Uprooting, Rerooting: Matter and The Construction of the Self: Bisila Noha's Solo Exhibition
From her early body of work, Brumas, to current projects that blur the boundaries between pottery and sculpture, to brand new pieces using other materials such as plaster and bronze.
For the first time, plaster appears in the artist's work as a material translated into work and not only through a process of production. Working with clay and plaster a tension and balance emerge from several works in three dimensions. In the world of ceramics, working with plaster in conjunction with ceramics causes cold sweat, as it often results in breakage. "Driven by a desire to bring my pieces a bit more alive, to make them more three-dimensional, along with that idea of making clay and plaster equals in a ceramics environment, those hybrid pieces were born." The volatility of plaster and the patience demanded by clay are respectively a metaphor for the child and the adult trying to find common ground. "They are about that fire we all carry inside. About the different sides of ourselves we embody, which often are in conflict”, illustrates Bisila Noha.
In her search for movement and dynamism, the artist has turned to cubist and futurist sculpture. The series of white stoneware ‘plates’ with black marbled effects is a continuation of what the artist was creating at the beginning of her practice. They are the evocation of a search for a union on a societal scale of certain dualities that are omnipresent in Noha's work: clay and plaster, the throwing technique and hand-building, the South and the North, black and white, the feminine and the masculine, the utilitarian and the artistic…
A series of three vases - which are not vases - are reminiscent of relics that might belong to an ethnographic museum or painted abstractions reminiscent of the work of Toshiko Takaezu (1922-2011). The series of plates and vases are actually canvases for free compositions. Revealing beautiful mysterious visual textures as if they were reliques coming from another time as if it were fragments from the past.
The Brumas series, on the other hand, was created with a tactile approach to the production through which the sculpture is apprehended.
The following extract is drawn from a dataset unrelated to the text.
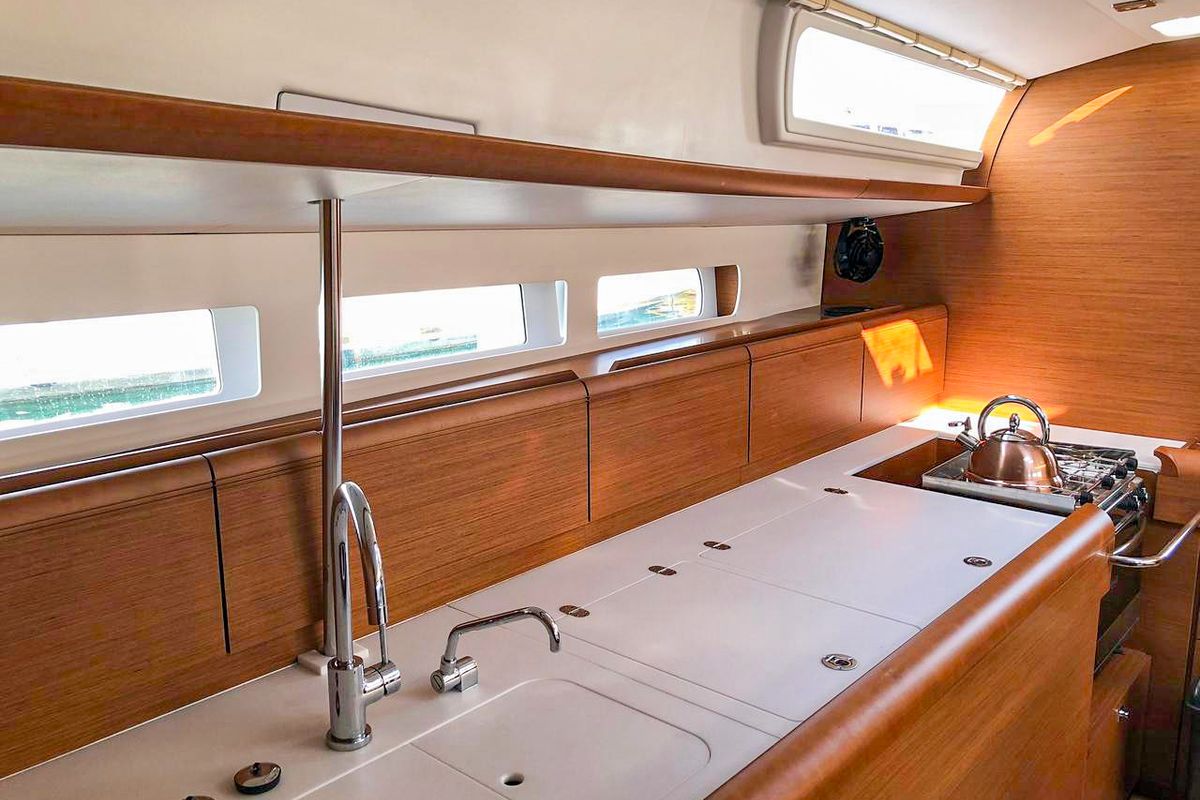 Galley of Misty, a Jeanneau Sun Odyssey 519 sailboat at Municipal Unit of Palairos, Greece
Noha's work is increasingly sculptural, reminiscent of the counter-current impulse of Rebecca Warren's image-sculptures, which work in such a way that the surface is never completely seductive. The exhibition also presents for the first time sculptures made in bronze. Theatrical, these pieces are revealed in movements reminiscent of the work of Kara Walker.
Bisila Noha’s oeuvre is in perpetual flow. Yet infused with complex and resolutely contemporary issues, her work appears simple, honest and even naive at times. Sometimes contemplative, sometimes dynamic but definitely political, her work teaches us about the importance of understanding that we are all connected despite our differences. Her work in this sense echoes the concept of Tout-Monde - an all-encompassing world - and creolisation thought by Edouard Glissant (1928-2011), poet, novelist, essayist from Martinique. Posing the observation of a world given as evolutionary and as project. As an artist, a ceramist, a woman of African and European origin, the affirmation of her multiple identities is felt in the essence of her work as well as in the aesthetics and constant quest.
From her early body of work, Brumas, to current projects that blur the boundaries between pottery and sculpture, to brand new pieces using other materials such as plaster and bronze.
For the first time, plaster appears in the artist's work as a material translated into work and not only through a process of production. Working with clay and plaster a tension and balance emerge from several works in three dimensions. In the world of ceramics, working with plaster in conjunction with ceramics causes cold sweat, as it often results in breakage. "Driven by a desire to bring my pieces a bit more alive, to make them more three-dimensional, along with that idea of making clay and plaster equals in a ceramics environment, those hybrid pieces were born." The volatility of plaster and the patience demanded by clay are respectively a metaphor for the child and the adult trying to find common ground. "They are about that fire we all carry inside. About the different sides of ourselves we embody, which often are in conflict”, illustrates Bisila Noha.
In her search for movement and dynamism, the artist has turned to cubist and futurist sculpture. The series of white stoneware ‘plates’ with black marbled effects is a continuation of what the artist was creating at the beginning of her practice. They are the evocation of a search for a union on a societal scale of certain dualities that are omnipresent in Noha's work: clay and plaster, the throwing technique and hand-building, the South and the North, black and white, the feminine and the masculine, the utilitarian and the artistic…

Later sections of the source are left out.